[Image-text web data]
__________________________________________________

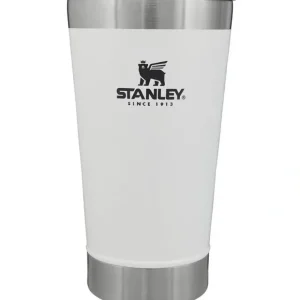 New Stanley - 16Oz Classic Stay Chill Vacuum Insulated Pint Tumbler, Polar - cutbabycare.com | baby boutique & care hub Gear Travel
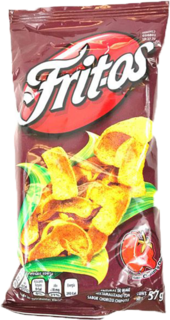 SA FRITOS CHORIZO CHIPOTLE 50G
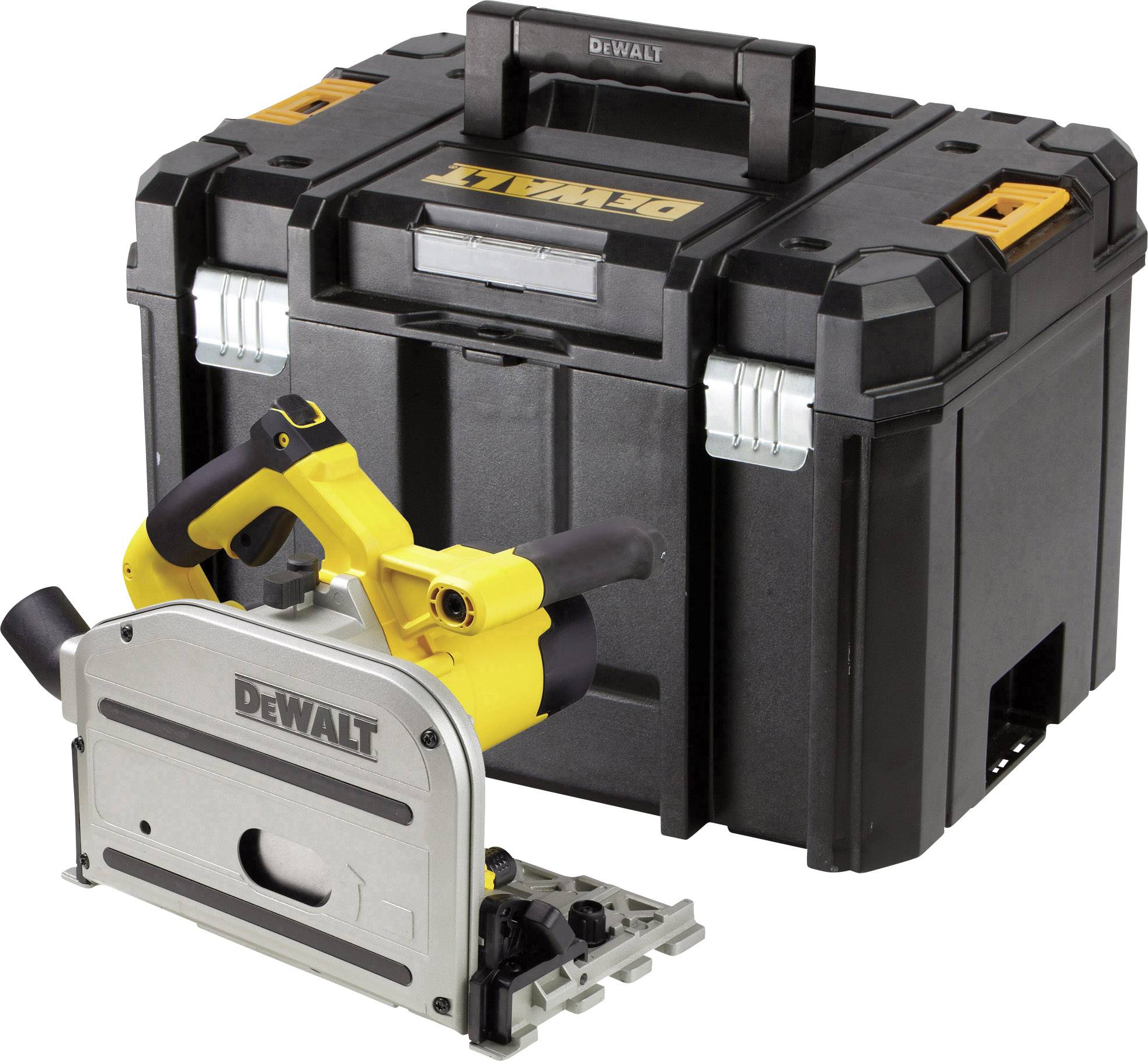 Pyörösaha DeWalt DWS520KT-QS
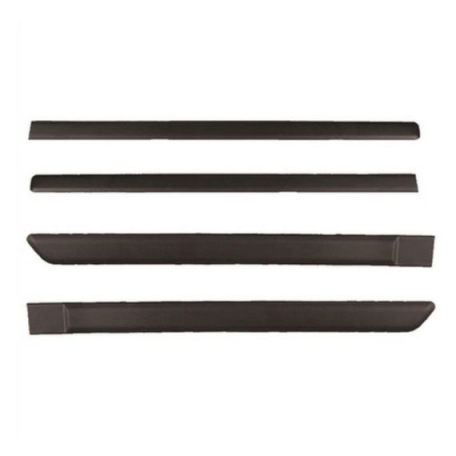 Acessar a peça Kit friso porta, 4 peças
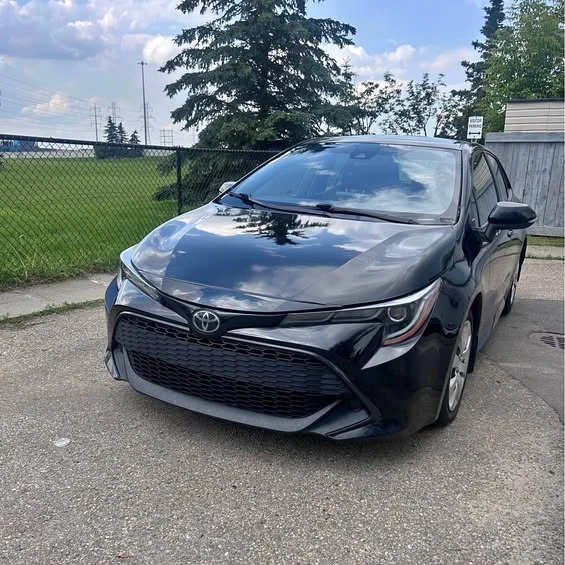 2021 Toyota Corolla 12th Gen - Image 1 of 1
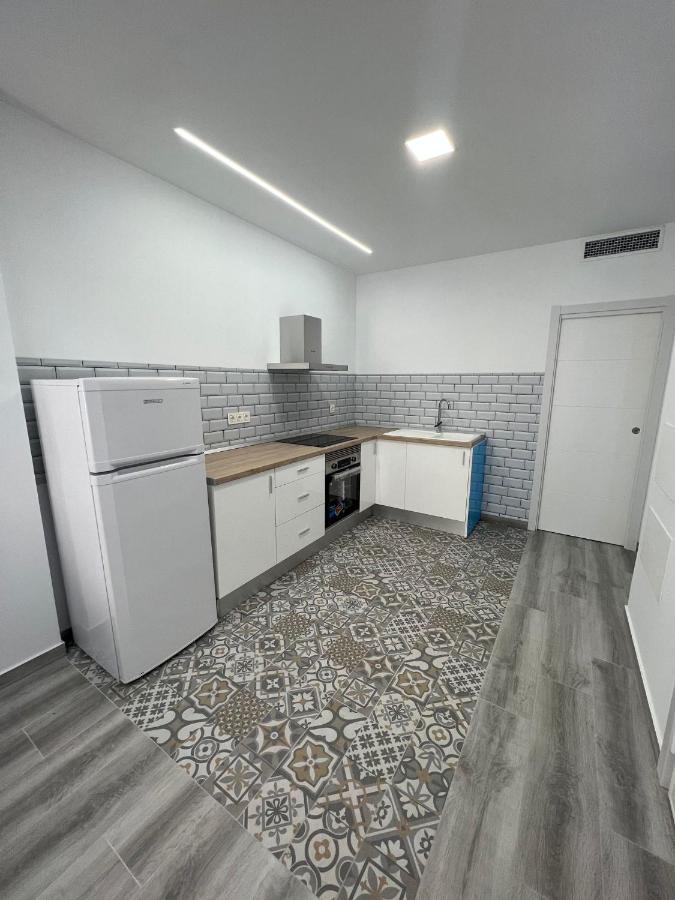 דירות מאלגה Fuentecilla Centro מראה חיצוני תמונה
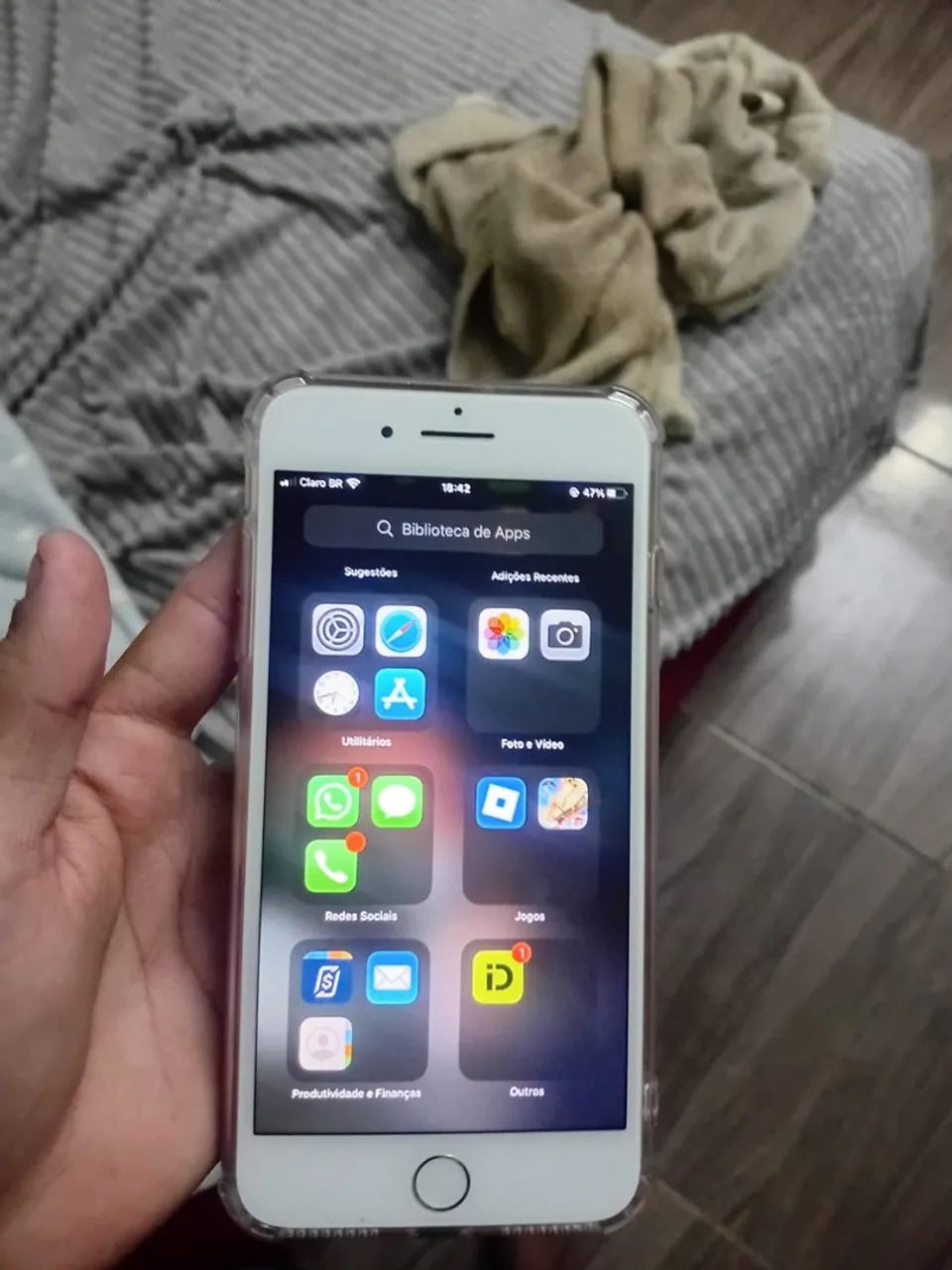 IPHONE 8 plus - Foto 2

__________________________________________________

• [Description of the task]: Exactly the lines from the one containing "דירות מאלגה Fuentecilla" to the end of the records above, both end lines included, are to be printed, and no pictures with them.

• [Result]:
 דירות מאלגה Fuentecilla Centro מראה חיצוני תמונה
 IPHONE 8 plus - Foto 2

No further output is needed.